(Beginning of INFORMATION SHOWN)
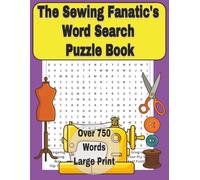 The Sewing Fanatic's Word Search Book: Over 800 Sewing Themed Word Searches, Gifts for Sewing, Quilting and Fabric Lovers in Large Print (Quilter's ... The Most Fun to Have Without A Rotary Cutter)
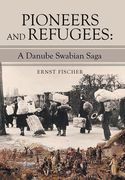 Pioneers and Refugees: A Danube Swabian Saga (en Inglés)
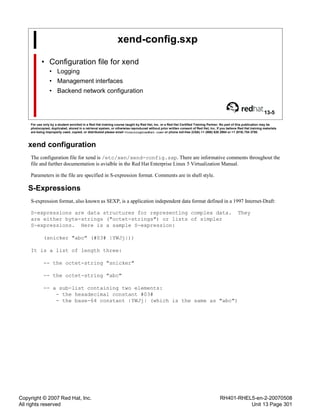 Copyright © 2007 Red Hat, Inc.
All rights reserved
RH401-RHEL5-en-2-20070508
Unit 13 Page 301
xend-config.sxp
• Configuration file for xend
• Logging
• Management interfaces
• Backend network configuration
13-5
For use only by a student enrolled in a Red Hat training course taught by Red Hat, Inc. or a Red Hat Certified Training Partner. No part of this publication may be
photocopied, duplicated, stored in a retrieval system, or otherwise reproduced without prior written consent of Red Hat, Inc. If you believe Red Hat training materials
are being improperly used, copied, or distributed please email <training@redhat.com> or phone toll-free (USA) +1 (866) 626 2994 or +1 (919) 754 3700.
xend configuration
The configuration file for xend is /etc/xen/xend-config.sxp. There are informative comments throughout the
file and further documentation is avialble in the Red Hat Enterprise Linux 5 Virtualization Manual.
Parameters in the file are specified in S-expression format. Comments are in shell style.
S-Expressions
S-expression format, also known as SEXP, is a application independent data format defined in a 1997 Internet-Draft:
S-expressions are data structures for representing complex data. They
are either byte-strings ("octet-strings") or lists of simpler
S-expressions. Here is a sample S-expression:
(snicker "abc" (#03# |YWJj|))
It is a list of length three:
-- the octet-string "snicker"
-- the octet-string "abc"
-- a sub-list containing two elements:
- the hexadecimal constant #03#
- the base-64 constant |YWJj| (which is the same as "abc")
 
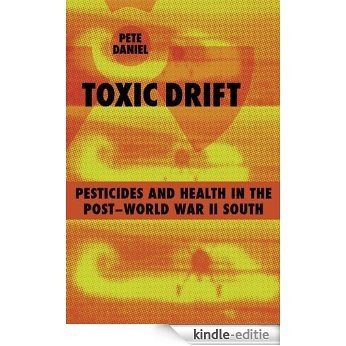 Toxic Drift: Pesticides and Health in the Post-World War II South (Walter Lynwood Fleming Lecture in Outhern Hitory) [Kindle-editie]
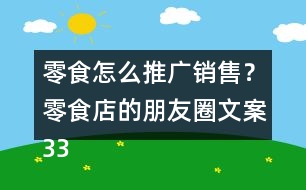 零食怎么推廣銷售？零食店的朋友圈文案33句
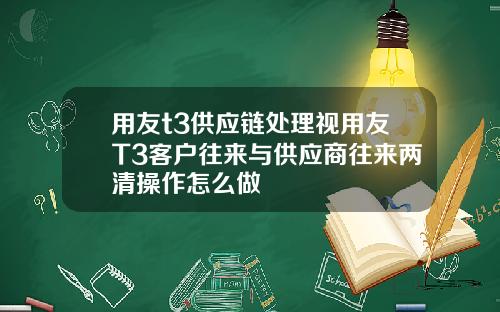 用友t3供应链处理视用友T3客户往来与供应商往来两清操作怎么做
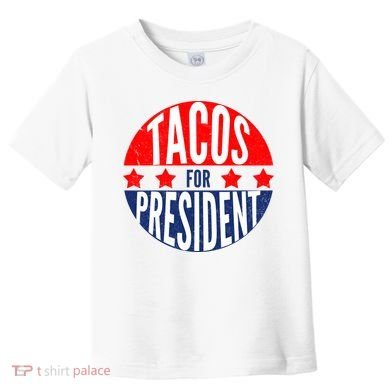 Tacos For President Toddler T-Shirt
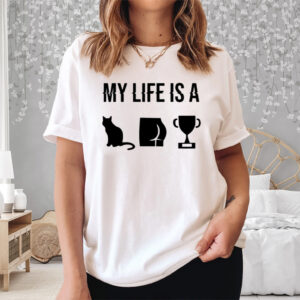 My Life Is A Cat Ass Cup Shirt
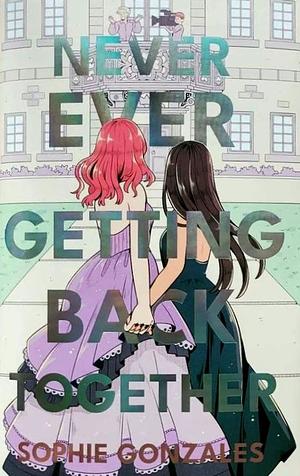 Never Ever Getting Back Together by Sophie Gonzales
(End of INFORMATION SHOWN)
(Beginning of INFORMATION SHOWN)
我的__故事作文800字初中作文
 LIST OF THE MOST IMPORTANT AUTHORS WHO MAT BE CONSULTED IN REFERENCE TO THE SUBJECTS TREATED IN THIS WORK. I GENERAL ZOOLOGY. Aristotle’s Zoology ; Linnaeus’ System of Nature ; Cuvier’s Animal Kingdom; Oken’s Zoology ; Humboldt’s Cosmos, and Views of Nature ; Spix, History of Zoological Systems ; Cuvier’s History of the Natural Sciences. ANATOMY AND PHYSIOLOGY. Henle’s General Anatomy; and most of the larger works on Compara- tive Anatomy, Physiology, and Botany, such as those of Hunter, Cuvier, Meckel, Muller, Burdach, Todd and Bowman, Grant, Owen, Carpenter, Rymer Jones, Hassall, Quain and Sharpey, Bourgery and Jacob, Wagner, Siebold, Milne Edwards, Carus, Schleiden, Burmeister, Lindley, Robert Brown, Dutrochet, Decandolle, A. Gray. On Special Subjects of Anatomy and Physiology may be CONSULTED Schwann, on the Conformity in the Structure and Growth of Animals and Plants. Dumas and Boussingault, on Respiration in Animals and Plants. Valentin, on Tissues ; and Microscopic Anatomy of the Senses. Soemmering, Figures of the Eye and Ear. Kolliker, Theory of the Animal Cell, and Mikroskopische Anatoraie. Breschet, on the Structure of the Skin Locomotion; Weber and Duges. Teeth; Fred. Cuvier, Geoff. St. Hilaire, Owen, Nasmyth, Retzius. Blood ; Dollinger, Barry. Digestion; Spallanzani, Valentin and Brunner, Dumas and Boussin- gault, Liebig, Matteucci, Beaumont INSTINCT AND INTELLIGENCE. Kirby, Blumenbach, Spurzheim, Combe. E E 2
(End of INFORMATION SHOWN)
* **ASSIGNMENT**
Copy out each line of the records where the string "snicker" appears.

* **EXERCISE ANSWER**
(snicker "abc" (#03# |YWJj|))
-- the octet-string "snicker"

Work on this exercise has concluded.